La fin de Freeda est (également) le coucher du soleil du féminisme pop commercial
Freeda, l’un des projets éditoriaux les plus ambitieux et les plus reconnaissables du féminisme social ces dernières années, est arrivé à la terminus. La nouvelle de sa liquidation est survenue il y a quelques jours: la société fermera ses portes, mettant fin à une aventure qui a commencé en 2017 entre les attentes élevées et les investissements à sept chiffres. Amaser est le fait qu’un projet avec 1,7 million de followers sur Instagram, une capacité de narration bien reconnaissable et une stratégie visant à un public jeune et progressiste, est désormais considéré, en fait, un échec.
Le soupçon du « lavage rose »
La vérité est que depuis le début Freeda a suscité des réactions contradictoires, en particulier dans le monde féministe en ligne. De nombreux observateurs semblaient immédiatement une opération de marketing claire déguisée en activisme: un contenu bien suivi, mais sans engagement politique réel. L’accusation la plus fréquente? Le « lavage rose »: l’utilisation des batailles pour les droits des femmes et la communauté LGBTQ + comme outils pour améliorer l’image de la marque et augmenter les ventes, sans une véritable adhérence aux valeurs promues. L’équipe d’entreprise a également contribué à renforcer cette perception. Parmi les investisseurs de Freeda, il y avait (bien qu’avec une part risible), non sans controverse, même la famille Berlusconi: un nom de famille qui, dans le contexte italien, ne se réconcilie guère avec l’idée d’émancipation féminine.

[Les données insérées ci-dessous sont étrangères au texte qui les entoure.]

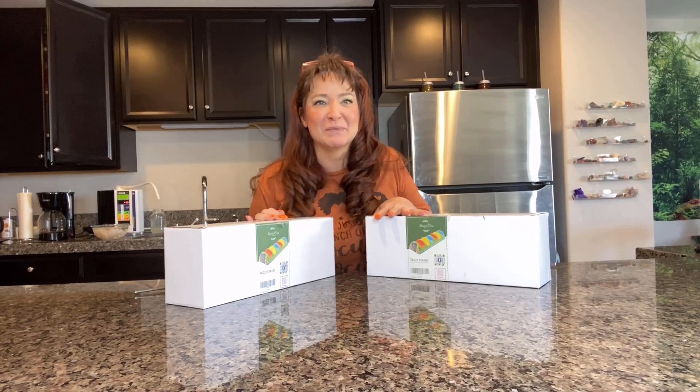Just got these really cool ceramic taco holders from Maxio One, so let's see what's in the box.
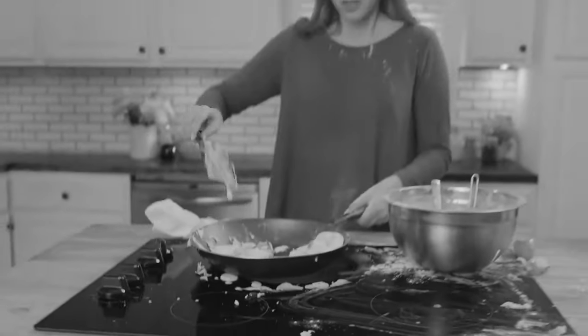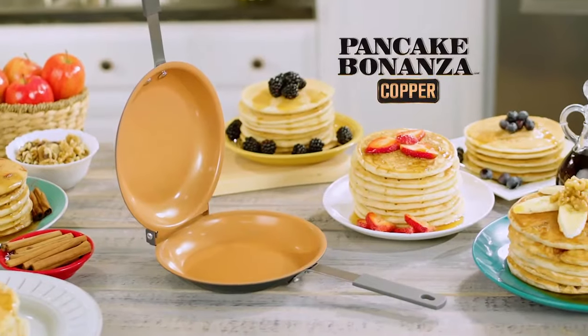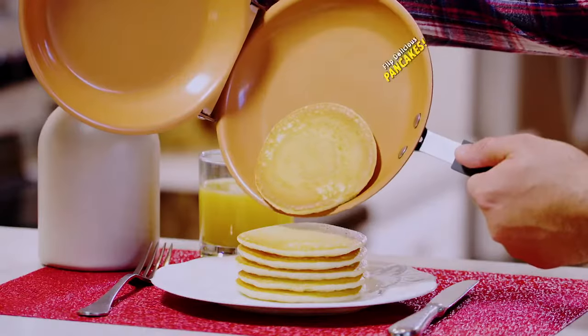Flipping pancakes is a flippin' mess. They burn and stick and end up looking sick. Not anymore. Introducing Pancake Bonanza by Gotham Steel — the fast, easy, no mess way to flip delicious pancakes every day.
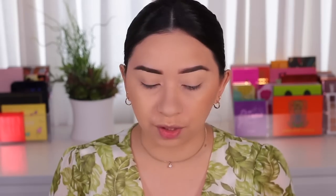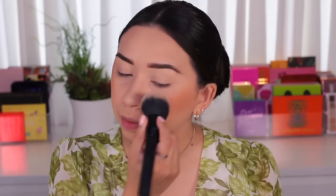For blush today, I'm going to use the peachy one from the palette. It does have a little bit of glitter and shimmer in it. I'm going to take a little bit with this fluffy brush — it's a peachy, orangey blush and it looks really pretty. Since the brush is very fluffy and doesn't pick up much product, I'm going to take my powder brush and go over the blush to blend it out a little bit better.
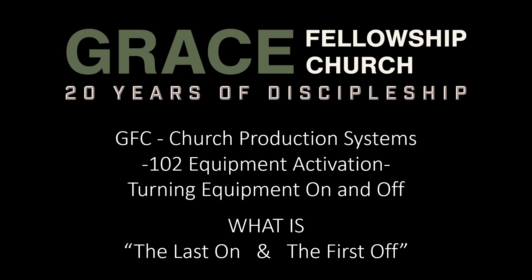Hello, and welcome to another installment of the Church Production Systems Training Videos. This is video 102, Equipment Activation, Turning Equipment On and Off. Even though this subject appears tedious and trivial, it's crucial to comprehend the correct sequence for turning on the various pieces of equipment.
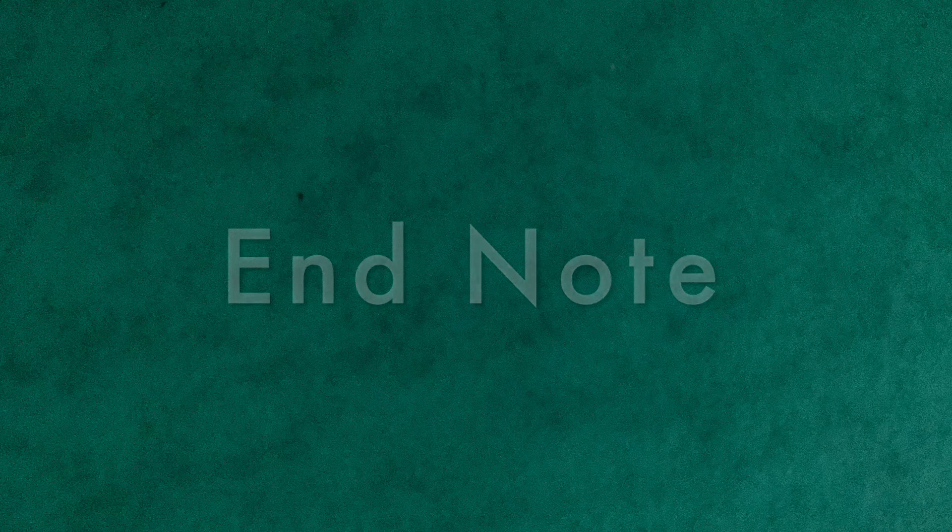Right, that is the end of the video and I'll see you in the next one. Take care of yourselves, peace.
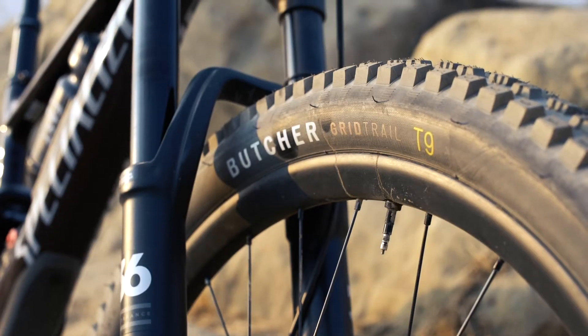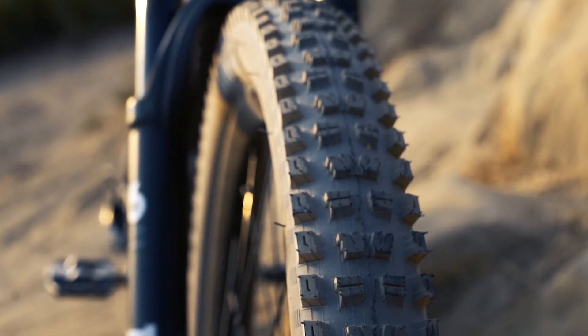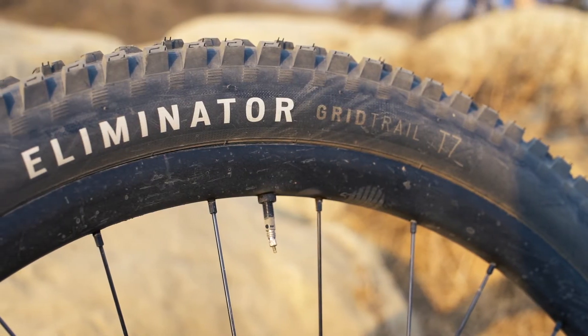So the new tires that I just got put on about a month ago are the Butcher T9 and the Eliminator T7 on the rear. I saw all these new measurements on the tires and was like, oh great, a new cycling standard. Not to worry — Specialized made it really simple. Basically, higher the number, more grip. So the T9 up front is a softer compound, while the T7 in the rear is a little harder, faster rolling, and more durable.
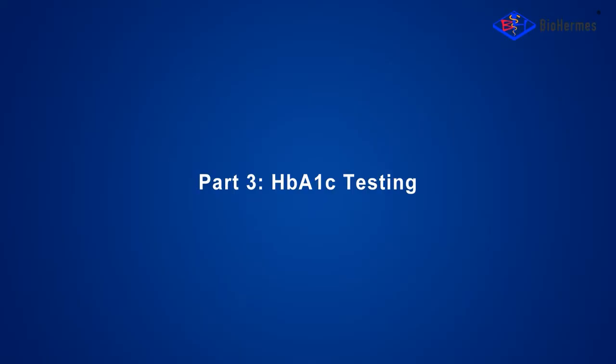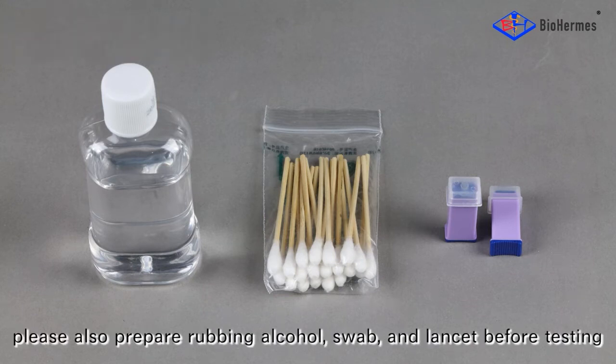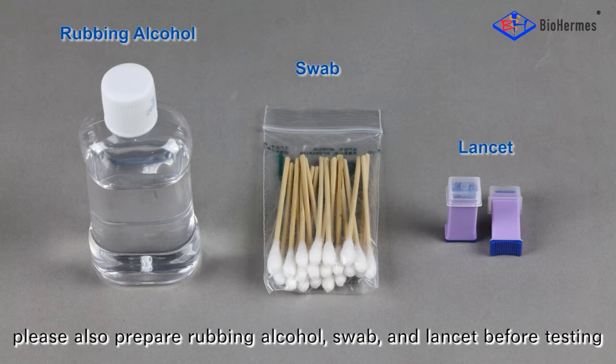Part 3: HbA1C Testing — Preparation. Besides the glycohemoglobin analysis system, please also prepare rubbing alcohol, a swab, and a lancet before testing.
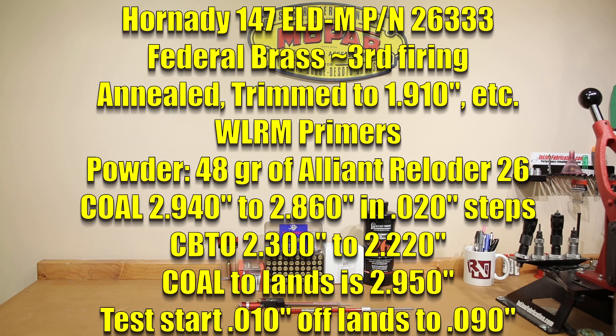Our testing today is going to involve the 147 grain ELD-M Match by Hornady, Alliance Reloader 26, which we just did some velocity testing on a few weeks ago. New to this combination is going to be this Federal Brass. We've had this Federal Brass laying around, and the case volumes between the Hornady and Federal Brass are very similar, which is why we decided to use it for today's testing.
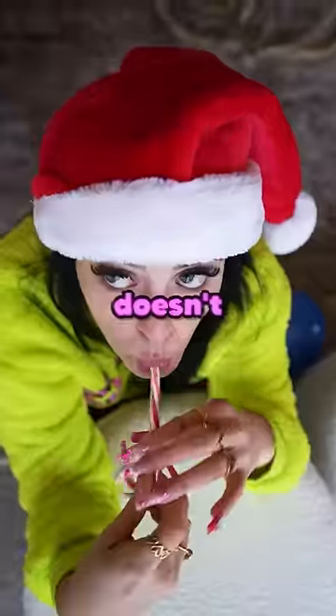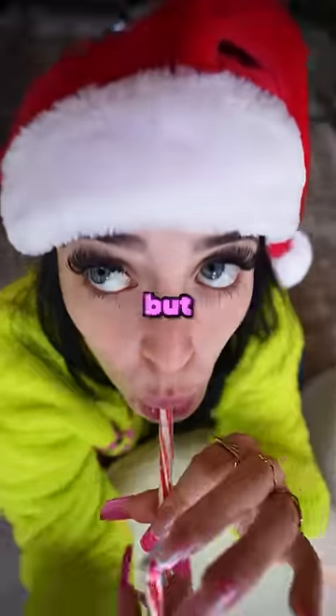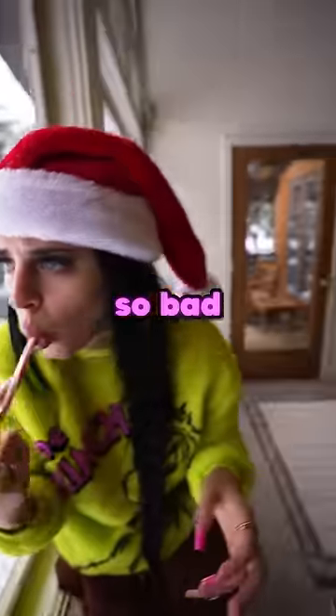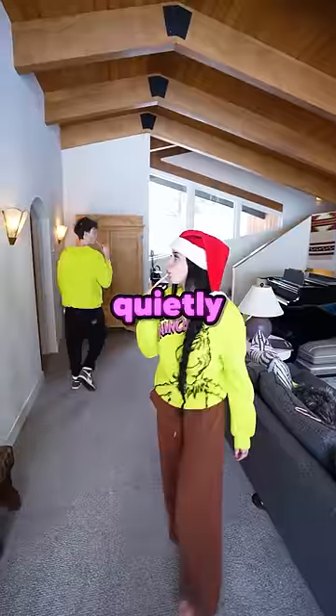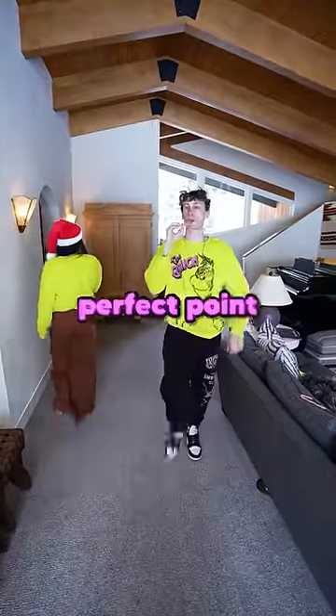Owen never had a chance against me. It's like he doesn't know I literally suck things for a living. But that's besides the point. Owen was so bad at this, he even broke his candy cane. And I was just quietly focusing on sucking this candy cane into the perfect point. He never had a chance. I win!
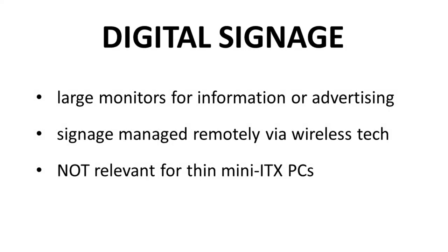How about digital signage? Honestly, I don't know much about it — everything I know is from about 10 minutes of searching the web. Digital signage is the kind of thing you see in conference rooms, hotel lobbies, and airport terminals — walls of monitors showing advertising or relevant information. From what I can tell, digital signage is now dominated by large monitors controlled remotely through wireless technology. You do not need a local PC to manage the content of your lobby or conference monitor. So I don't think digital signage is a meaningful opportunity for Thin Mini ITX PCs. This is a fail.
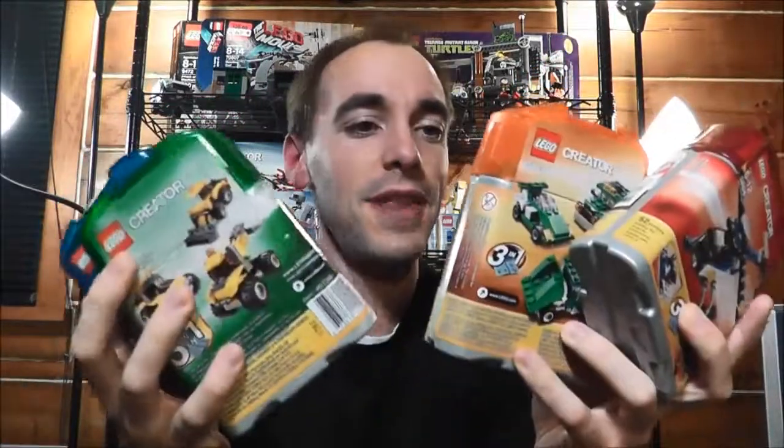You'll see videos on every one of these sets and what I can build with them. Thanks for watching this Lego mail video — eBay's been good to me lately. See you in the next video.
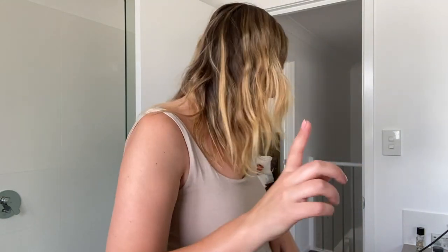Another cute way is to pin your hair back. You can see I have a shorter section up the front, so I'll usually pin my hair up like this — that's really cute — or even in a top knot bun and then let the rest go wild.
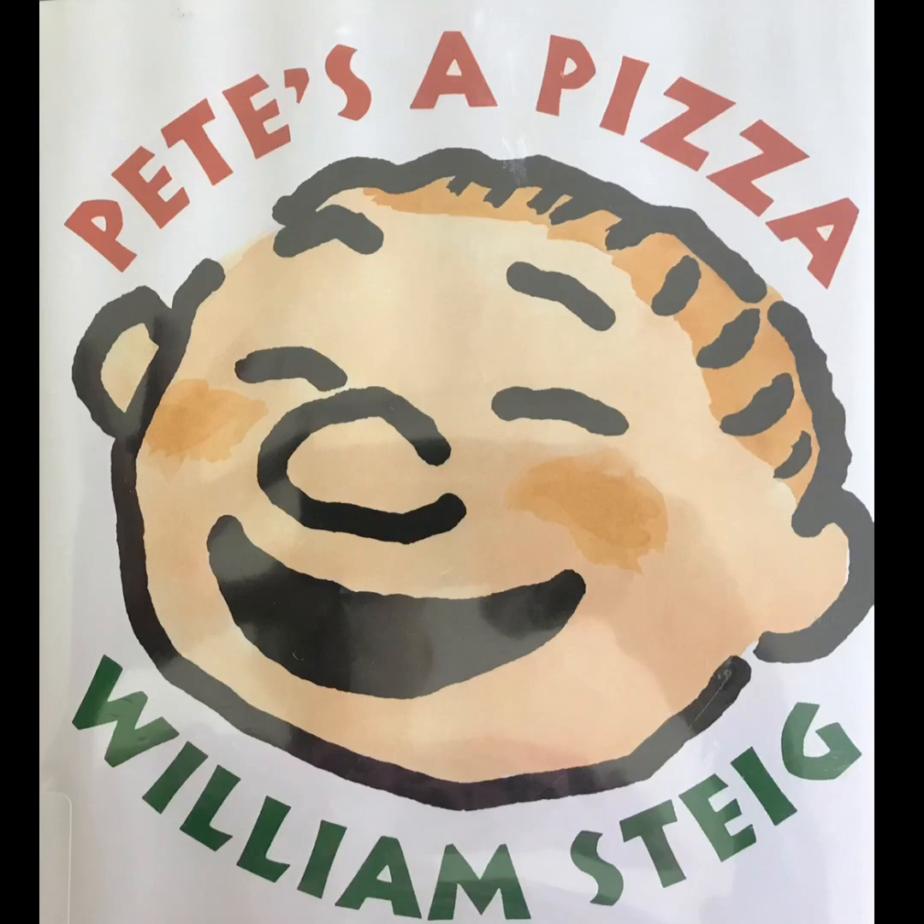Hello everyone, welcome to the third Parent Academy. Today we will be reading one of our favorite read-aloud books: Pete's a Pizza by William Stieg.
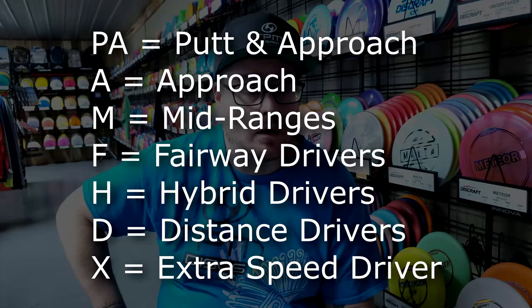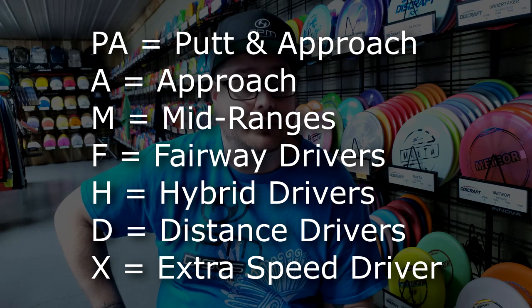If you don't know a whole lot about Prodigy, the FX series falls right in between the F and the H series. The F series obviously being fairways and the H series are hybrids, which are between drivers and fairway drivers. Kind of confusing, but once you learn the Prodigy system, it's actually really easy to follow.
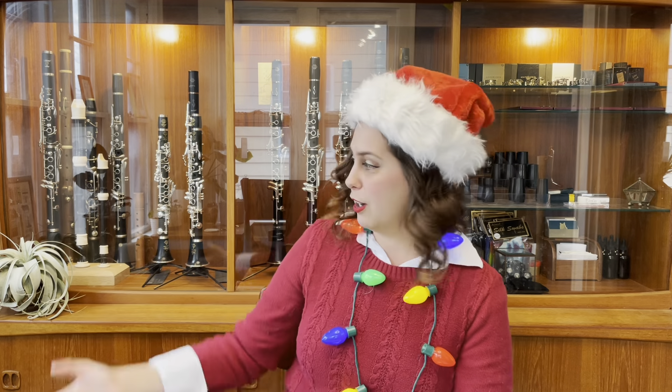Thanks for joining me for a quick run-through of all of my favorite products from 2020 — most of them available in my shop at cleverclarinetist.com. If you'd like to see me carry or review something else, please let me know in the comments or by submitting a contact form on my website. Please consider watching other episodes on my channel that have in-depth reviews of all the stuff you've heard me talk about today. I'd love to work with you and help you find the perfect setup and gear for your ideal clarinet sound. Thanks for watching and happy holidays!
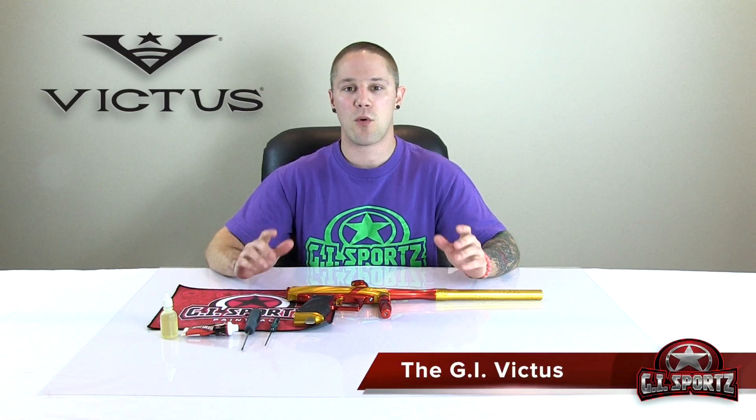Hey everyone, Will from G.I. Sports here. What we're going to cover today is the basic maintenance on the G.I. Victus.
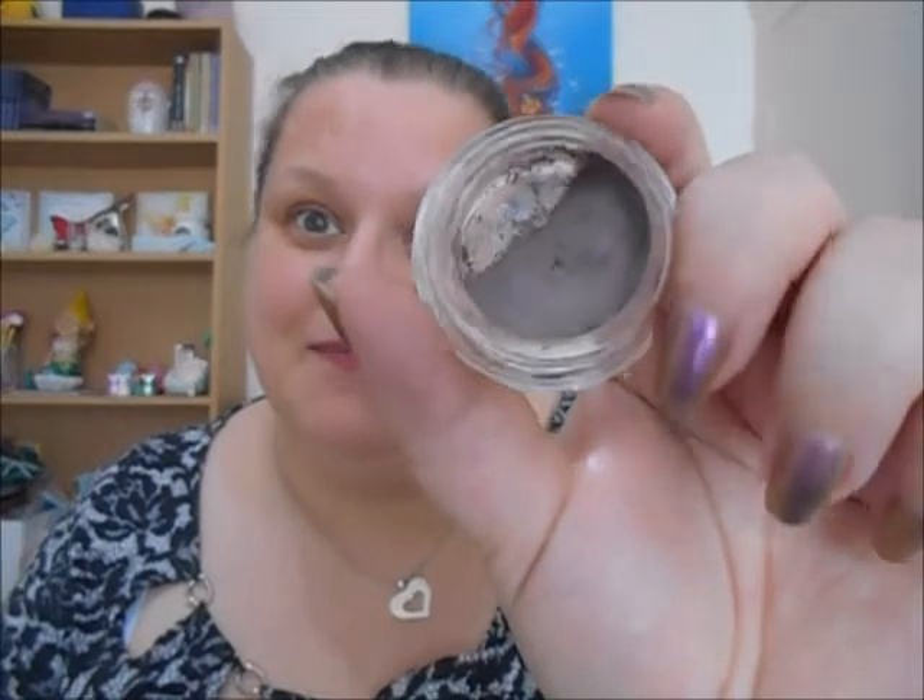The next item is on the exact opposite end of the scale — it is my Maybelline Colour Tattoo in Permanent Taupe. I have not used this at all; it is still right there. It's hard because I use these as a base, but recently the eye looks that I have been doing have been pinks, light colours, oranges, yellows and that sort of thing. So I very rarely used this as a base because it's a very dark brown. No use on this at all.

Choix stratégiques et contexte changé
On ne sait pas avec certitude comment nous avons pesé sur l’échec des choix stratégiques douteux de Freeda, tels que l’expansion à l’étranger, le lancement de produits de marque appropriés ou l’ouverture de magasins physiques. Mais il est probable que tout cela a aggravé une crise plus profonde, liée à un changement de paradigme culturel que Freeda n’a pas pu intercepter. Ces dernières années, en fait, une partie croissante du féminisme – en particulier l’intersectionnelle – a pris des positions de plus en plus critiques vers la logique capitaliste. L’émancipation féminine, dans cette vision, ne peut ignorer une lutte plus large contre les inégalités économiques et sociales.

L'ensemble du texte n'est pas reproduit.